### [Instructions for the task]
Which lines of the entries below run from the one holding "DIOR - Dior" to the one holding "Satchel Bags - CHL Bags - 6814", inclusive? Set down exactly those lines and no others.

☆ ☆ ☆ ☆

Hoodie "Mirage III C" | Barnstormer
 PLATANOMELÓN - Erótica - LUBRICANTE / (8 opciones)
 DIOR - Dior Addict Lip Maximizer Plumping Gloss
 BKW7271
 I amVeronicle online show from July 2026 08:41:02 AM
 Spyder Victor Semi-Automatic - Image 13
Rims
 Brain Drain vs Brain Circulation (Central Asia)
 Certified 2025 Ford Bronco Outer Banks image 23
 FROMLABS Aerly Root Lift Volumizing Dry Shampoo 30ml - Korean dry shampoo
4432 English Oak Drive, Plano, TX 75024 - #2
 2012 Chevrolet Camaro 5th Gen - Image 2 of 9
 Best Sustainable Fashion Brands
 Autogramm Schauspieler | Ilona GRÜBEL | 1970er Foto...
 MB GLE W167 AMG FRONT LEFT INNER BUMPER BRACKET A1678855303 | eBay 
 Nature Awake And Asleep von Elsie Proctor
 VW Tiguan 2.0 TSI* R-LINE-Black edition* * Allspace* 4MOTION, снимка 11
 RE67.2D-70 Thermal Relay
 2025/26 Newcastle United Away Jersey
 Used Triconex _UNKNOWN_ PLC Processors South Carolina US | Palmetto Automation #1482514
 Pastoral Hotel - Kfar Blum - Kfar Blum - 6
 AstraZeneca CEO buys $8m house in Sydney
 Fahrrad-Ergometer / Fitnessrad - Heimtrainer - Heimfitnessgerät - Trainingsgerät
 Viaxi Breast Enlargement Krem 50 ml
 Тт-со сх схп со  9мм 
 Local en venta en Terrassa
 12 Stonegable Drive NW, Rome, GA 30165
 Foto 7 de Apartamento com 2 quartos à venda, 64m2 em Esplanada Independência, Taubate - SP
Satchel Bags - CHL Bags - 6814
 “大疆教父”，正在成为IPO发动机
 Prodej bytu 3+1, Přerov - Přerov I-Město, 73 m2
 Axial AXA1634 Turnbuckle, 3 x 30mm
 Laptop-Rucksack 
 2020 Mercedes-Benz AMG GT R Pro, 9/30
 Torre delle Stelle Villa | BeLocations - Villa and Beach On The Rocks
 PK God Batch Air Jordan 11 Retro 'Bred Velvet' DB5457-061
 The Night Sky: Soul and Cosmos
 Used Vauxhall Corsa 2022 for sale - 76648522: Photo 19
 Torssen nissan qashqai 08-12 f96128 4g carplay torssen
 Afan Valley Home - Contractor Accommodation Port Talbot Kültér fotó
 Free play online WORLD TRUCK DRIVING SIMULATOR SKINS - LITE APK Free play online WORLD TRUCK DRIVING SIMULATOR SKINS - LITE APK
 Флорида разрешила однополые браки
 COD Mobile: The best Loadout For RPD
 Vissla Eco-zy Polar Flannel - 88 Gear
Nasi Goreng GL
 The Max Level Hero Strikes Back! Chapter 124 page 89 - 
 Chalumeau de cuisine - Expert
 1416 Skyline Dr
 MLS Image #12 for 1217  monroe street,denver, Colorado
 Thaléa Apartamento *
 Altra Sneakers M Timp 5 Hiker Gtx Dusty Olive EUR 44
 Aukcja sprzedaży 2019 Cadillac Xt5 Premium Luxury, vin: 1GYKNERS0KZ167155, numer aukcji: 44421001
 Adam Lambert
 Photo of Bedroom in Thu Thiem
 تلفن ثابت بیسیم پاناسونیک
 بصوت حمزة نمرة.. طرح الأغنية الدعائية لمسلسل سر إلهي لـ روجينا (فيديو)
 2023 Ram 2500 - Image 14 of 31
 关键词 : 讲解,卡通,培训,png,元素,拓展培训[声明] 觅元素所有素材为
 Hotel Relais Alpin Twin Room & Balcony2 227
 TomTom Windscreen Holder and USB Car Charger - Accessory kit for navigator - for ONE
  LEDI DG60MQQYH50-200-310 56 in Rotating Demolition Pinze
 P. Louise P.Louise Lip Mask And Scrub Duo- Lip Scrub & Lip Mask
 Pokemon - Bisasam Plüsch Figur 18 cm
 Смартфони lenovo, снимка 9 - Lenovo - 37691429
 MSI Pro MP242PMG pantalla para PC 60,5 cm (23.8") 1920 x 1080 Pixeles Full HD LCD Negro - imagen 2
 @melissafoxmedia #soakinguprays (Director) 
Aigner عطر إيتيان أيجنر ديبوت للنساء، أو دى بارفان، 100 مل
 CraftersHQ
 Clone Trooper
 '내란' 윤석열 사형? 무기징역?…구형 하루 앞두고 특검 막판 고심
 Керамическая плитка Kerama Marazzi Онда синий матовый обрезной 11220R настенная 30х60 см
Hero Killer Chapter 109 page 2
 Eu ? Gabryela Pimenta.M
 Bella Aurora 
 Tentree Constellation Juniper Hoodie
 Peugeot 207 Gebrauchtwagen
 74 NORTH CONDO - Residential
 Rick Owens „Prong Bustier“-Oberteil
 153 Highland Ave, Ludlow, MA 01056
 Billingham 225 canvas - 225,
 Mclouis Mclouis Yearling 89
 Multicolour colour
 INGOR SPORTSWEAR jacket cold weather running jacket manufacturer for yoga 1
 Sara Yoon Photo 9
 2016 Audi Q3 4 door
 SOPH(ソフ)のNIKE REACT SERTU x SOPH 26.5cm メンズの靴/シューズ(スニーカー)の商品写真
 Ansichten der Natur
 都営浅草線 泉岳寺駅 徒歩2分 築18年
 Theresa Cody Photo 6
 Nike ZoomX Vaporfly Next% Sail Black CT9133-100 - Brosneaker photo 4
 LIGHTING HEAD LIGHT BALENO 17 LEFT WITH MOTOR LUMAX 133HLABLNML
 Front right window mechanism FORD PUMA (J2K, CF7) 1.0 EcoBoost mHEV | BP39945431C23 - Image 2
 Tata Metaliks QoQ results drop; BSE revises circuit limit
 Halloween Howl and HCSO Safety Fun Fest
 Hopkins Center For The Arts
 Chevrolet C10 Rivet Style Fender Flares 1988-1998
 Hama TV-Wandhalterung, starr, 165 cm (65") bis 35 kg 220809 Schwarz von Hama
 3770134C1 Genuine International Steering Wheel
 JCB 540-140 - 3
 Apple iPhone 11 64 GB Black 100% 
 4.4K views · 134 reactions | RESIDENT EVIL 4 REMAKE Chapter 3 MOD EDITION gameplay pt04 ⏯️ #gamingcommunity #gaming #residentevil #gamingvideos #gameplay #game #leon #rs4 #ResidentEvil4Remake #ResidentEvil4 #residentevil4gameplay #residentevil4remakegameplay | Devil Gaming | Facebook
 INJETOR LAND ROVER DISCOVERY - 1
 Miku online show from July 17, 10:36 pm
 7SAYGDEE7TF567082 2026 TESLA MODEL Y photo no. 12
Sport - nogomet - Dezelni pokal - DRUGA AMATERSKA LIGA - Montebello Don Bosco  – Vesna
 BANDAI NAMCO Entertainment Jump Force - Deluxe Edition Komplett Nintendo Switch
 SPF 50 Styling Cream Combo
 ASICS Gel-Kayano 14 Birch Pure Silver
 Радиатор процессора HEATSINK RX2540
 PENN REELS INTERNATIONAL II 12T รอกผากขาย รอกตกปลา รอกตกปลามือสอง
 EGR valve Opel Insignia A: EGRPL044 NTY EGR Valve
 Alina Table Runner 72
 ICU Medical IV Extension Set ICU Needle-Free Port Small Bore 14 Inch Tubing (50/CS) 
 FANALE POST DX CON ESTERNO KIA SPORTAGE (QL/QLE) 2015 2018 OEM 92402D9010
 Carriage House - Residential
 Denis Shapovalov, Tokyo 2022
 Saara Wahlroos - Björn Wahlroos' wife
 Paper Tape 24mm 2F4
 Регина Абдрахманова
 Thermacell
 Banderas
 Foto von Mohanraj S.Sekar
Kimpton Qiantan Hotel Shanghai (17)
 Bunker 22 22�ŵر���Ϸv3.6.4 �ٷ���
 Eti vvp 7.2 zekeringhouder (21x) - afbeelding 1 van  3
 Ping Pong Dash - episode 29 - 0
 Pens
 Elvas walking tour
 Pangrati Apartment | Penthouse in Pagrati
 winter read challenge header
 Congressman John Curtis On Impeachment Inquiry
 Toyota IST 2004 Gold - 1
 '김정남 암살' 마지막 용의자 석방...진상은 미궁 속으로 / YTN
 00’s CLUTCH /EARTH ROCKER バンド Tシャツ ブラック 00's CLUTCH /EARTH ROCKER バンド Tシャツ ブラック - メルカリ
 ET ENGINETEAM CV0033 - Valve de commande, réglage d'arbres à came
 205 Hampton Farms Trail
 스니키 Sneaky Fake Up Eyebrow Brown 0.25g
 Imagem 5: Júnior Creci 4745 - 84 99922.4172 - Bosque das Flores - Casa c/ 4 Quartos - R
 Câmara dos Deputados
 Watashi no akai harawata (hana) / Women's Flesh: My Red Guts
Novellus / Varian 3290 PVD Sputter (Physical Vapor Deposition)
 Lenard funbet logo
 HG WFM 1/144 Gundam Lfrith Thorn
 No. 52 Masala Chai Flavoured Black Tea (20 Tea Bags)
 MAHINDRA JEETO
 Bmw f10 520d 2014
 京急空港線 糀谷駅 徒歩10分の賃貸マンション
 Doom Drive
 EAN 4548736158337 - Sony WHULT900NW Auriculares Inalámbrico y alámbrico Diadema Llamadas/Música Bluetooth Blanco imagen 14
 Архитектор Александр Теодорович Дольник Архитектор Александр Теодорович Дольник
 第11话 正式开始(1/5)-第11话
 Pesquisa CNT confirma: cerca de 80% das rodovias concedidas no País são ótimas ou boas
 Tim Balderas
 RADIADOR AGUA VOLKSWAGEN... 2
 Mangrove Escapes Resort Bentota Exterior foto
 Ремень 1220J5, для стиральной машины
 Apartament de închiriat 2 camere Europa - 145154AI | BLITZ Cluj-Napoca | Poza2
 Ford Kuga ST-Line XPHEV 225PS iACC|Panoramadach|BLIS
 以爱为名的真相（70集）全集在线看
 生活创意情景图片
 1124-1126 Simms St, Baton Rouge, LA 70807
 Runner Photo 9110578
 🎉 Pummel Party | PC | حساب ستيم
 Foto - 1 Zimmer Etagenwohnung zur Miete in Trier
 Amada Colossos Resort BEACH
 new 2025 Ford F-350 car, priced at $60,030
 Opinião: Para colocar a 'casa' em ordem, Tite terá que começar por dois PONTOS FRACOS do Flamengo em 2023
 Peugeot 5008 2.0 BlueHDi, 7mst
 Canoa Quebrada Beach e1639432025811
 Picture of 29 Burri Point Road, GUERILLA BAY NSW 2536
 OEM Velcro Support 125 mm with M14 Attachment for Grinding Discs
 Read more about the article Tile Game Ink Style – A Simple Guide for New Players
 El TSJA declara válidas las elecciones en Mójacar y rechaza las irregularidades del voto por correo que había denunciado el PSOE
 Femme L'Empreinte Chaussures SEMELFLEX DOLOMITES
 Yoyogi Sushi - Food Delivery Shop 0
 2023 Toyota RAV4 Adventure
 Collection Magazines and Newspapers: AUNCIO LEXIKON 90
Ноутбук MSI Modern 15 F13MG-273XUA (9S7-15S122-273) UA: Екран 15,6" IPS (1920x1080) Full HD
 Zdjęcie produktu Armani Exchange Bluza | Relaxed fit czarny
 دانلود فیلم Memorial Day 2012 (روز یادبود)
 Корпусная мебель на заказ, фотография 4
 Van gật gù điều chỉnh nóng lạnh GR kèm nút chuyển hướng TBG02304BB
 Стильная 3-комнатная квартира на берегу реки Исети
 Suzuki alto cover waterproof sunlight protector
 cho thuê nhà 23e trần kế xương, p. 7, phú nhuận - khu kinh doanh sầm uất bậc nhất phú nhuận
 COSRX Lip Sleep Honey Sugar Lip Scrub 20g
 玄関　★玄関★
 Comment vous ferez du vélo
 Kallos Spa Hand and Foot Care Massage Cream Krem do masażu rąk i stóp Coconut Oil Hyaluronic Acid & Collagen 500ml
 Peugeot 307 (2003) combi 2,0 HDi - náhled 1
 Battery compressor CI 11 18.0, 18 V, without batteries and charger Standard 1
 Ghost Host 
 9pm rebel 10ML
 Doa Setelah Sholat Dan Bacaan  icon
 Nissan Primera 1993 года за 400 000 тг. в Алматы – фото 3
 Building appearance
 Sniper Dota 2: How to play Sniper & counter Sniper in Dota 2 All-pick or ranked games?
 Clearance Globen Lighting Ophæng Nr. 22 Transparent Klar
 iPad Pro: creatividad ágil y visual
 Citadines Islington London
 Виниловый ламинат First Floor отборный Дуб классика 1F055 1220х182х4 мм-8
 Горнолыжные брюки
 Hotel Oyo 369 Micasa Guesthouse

☆ ☆ ☆ ☆

### [Exercise solution]
 DIOR - Dior Addict Lip Maximizer Plumping Gloss
 BKW7271
 I amVeronicle online show from July 2026 08:41:02 AM
 Spyder Victor Semi-Automatic - Image 13
Rims
 Brain Drain vs Brain Circulation (Central Asia)
 Certified 2025 Ford Bronco Outer Banks image 23
 FROMLABS Aerly Root Lift Volumizing Dry Shampoo 30ml - Korean dry shampoo
4432 English Oak Drive, Plano, TX 75024 - #2
 2012 Chevrolet Camaro 5th Gen - Image 2 of 9
 Best Sustainable Fashion Brands
 Autogramm Schauspieler | Ilona GRÜBEL | 1970er Foto...
 MB GLE W167 AMG FRONT LEFT INNER BUMPER BRACKET A1678855303 | eBay 
 Nature Awake And Asleep von Elsie Proctor
 VW Tiguan 2.0 TSI* R-LINE-Black edition* * Allspace* 4MOTION, снимка 11
 RE67.2D-70 Thermal Relay
 2025/26 Newcastle United Away Jersey
 Used Triconex _UNKNOWN_ PLC Processors South Carolina US | Palmetto Automation #1482514
 Pastoral Hotel - Kfar Blum - Kfar Blum - 6
 AstraZeneca CEO buys $8m house in Sydney
 Fahrrad-Ergometer / Fitnessrad - Heimtrainer - Heimfitnessgerät - Trainingsgerät
 Viaxi Breast Enlargement Krem 50 ml
 Тт-со сх схп со  9мм 
 Local en venta en Terrassa
 12 Stonegable Drive NW, Rome, GA 30165
 Foto 7 de Apartamento com 2 quartos à venda, 64m2 em Esplanada Independência, Taubate - SP
Satchel Bags - CHL Bags - 6814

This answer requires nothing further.